The project occupies a previously vacant parcel adjacent the clients existing home. The new home is a linked primary residence for their aging parents with a secondary rental unit. The expressed intent was to create a balance between a shared living experience between the families and a sense of autonomy. The primary unit occupies the entire ground floor, which is organized around a deeply recessed entry porch and an internal, private courtyard. Social program components — kitchen, living, dining — were position to respond to similar spaces of the existing home to create shared-use relationships. Whereas private spaces were located towards the extremities. The secondary unit occupies the street-side second floor, which is accessed from the shared entry porch, and intentionally mirrors the second-floor form of the existing home.

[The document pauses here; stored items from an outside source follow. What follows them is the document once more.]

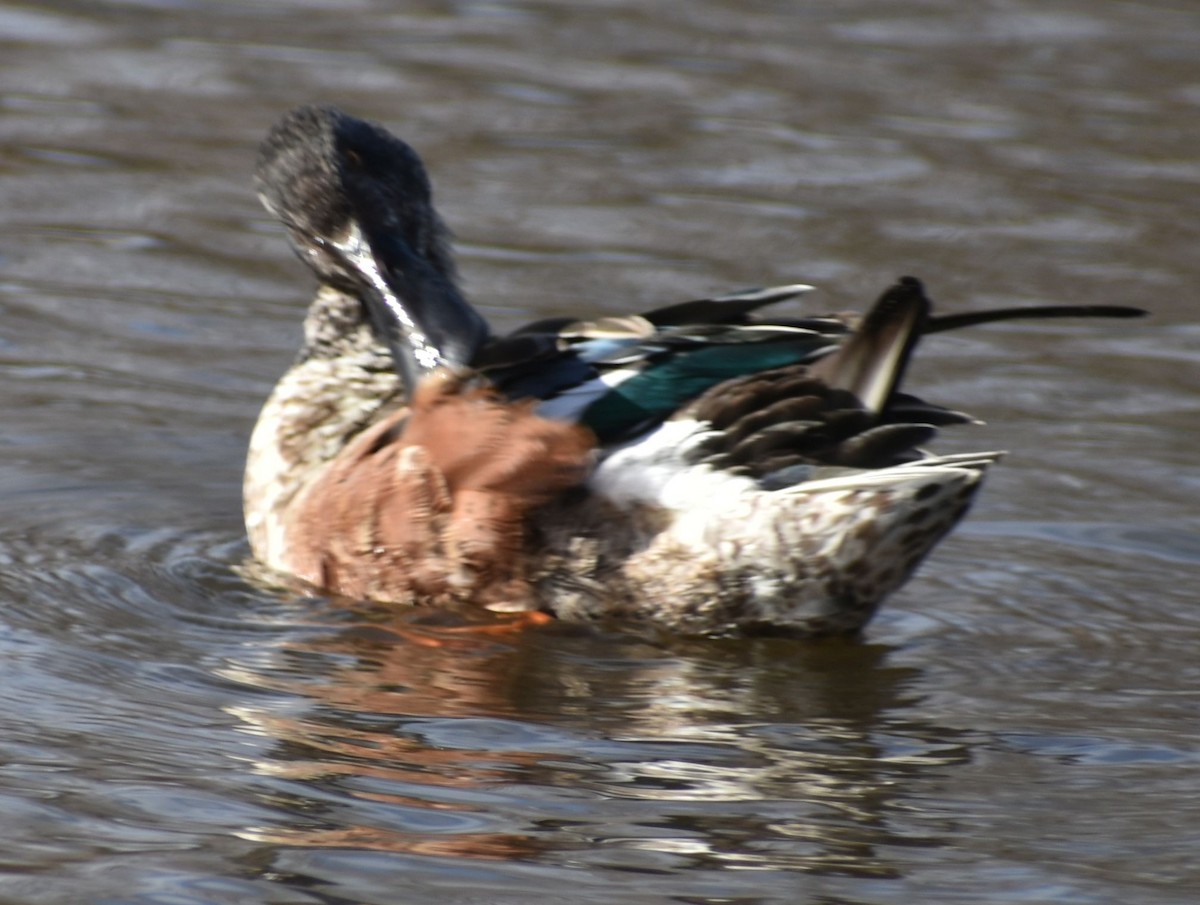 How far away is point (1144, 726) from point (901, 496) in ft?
2.41

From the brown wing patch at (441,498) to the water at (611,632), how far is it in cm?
13

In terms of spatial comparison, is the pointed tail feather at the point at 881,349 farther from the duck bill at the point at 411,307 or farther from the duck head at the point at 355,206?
the duck head at the point at 355,206

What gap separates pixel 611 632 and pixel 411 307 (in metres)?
0.96

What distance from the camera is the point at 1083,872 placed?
380 cm

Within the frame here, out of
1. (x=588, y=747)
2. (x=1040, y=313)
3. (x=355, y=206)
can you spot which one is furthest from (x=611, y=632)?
(x=355, y=206)

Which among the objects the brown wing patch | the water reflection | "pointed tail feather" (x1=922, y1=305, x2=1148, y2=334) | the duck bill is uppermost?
"pointed tail feather" (x1=922, y1=305, x2=1148, y2=334)

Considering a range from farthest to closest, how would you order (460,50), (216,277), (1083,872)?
(460,50) → (216,277) → (1083,872)

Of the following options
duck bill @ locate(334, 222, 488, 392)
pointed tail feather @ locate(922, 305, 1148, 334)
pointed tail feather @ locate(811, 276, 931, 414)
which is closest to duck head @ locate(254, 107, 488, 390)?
duck bill @ locate(334, 222, 488, 392)

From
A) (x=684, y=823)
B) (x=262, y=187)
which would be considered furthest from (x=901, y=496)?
(x=262, y=187)

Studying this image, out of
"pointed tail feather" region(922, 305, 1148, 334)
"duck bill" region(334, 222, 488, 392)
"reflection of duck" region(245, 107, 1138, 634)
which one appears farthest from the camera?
"duck bill" region(334, 222, 488, 392)

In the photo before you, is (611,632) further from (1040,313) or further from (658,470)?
(1040,313)

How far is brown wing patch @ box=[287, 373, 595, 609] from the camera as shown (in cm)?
509

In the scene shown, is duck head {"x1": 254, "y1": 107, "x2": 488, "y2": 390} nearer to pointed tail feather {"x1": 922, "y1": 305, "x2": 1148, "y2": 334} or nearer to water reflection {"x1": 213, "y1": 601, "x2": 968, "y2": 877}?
water reflection {"x1": 213, "y1": 601, "x2": 968, "y2": 877}

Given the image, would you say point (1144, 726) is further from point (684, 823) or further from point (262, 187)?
point (262, 187) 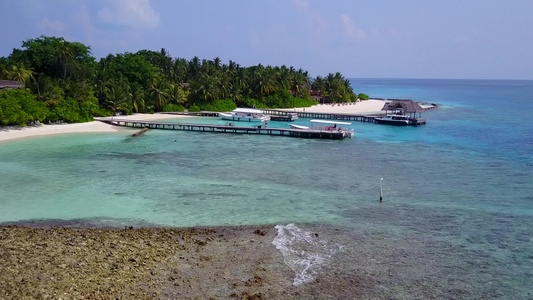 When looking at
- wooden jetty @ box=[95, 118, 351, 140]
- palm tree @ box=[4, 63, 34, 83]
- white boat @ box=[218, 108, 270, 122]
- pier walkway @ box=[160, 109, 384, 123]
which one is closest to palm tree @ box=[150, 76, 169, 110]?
pier walkway @ box=[160, 109, 384, 123]

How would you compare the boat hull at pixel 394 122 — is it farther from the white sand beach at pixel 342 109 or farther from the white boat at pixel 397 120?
the white sand beach at pixel 342 109

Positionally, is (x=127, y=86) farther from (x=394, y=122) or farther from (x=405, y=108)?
(x=405, y=108)

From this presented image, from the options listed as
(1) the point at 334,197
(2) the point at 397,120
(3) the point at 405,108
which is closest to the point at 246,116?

Since the home is considered an extension of the original residence there are no obvious, visual clues for entry, aside from an open carport, and is meant to be formally anonymous. The expressiveness comes from the manipulation of the traditional gabled roof form, which is shifted down the length of the home. Spaces are defined by the slanted and stepped ridge line, creating complex volumetric conditions, both expansive and confining, in reaction to specific program areas — high ceilings in living areas, compressed spaces in bedrooms. The massing and positioning of the home itself is meant to re-form exterior space, which produced containment for the rear, secluded yard and raised porch areas that expand interior uses.
Critically, the project reflects an ongoing effort to embrace and contextualize historic and conventional domestic types and spatial relationships through the idiosyncratic interpretation of form.